## Exercise inputs
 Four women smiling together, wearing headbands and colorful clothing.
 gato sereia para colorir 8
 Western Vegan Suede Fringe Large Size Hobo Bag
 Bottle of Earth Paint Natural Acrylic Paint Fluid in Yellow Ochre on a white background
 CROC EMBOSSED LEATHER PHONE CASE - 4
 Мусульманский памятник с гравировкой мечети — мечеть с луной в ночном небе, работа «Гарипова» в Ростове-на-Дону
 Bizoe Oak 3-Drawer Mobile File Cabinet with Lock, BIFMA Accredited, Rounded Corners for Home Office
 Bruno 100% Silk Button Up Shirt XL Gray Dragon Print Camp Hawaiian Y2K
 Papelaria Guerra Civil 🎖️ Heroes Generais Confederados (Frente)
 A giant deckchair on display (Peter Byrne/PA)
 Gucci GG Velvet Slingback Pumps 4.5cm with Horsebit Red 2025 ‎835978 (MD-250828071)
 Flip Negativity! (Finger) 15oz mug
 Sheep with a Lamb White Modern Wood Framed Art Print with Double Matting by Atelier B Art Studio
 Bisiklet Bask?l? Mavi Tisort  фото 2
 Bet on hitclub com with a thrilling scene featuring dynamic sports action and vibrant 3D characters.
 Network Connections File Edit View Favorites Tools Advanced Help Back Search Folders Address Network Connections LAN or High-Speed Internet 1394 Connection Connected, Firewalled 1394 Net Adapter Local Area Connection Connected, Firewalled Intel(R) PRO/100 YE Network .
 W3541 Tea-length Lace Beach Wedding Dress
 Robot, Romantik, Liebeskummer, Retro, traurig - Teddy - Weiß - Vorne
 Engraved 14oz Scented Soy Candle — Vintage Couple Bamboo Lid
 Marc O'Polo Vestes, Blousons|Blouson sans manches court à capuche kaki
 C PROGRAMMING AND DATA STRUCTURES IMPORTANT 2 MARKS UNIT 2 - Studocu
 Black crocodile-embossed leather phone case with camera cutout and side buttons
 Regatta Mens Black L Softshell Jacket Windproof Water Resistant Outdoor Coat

## What is needed
Every line above that holds the word "Black" needs to be copied.

## Final answer
 Black crocodile-embossed leather phone case with camera cutout and side buttons
 Regatta Mens Black L Softshell Jacket Windproof Water Resistant Outdoor Coat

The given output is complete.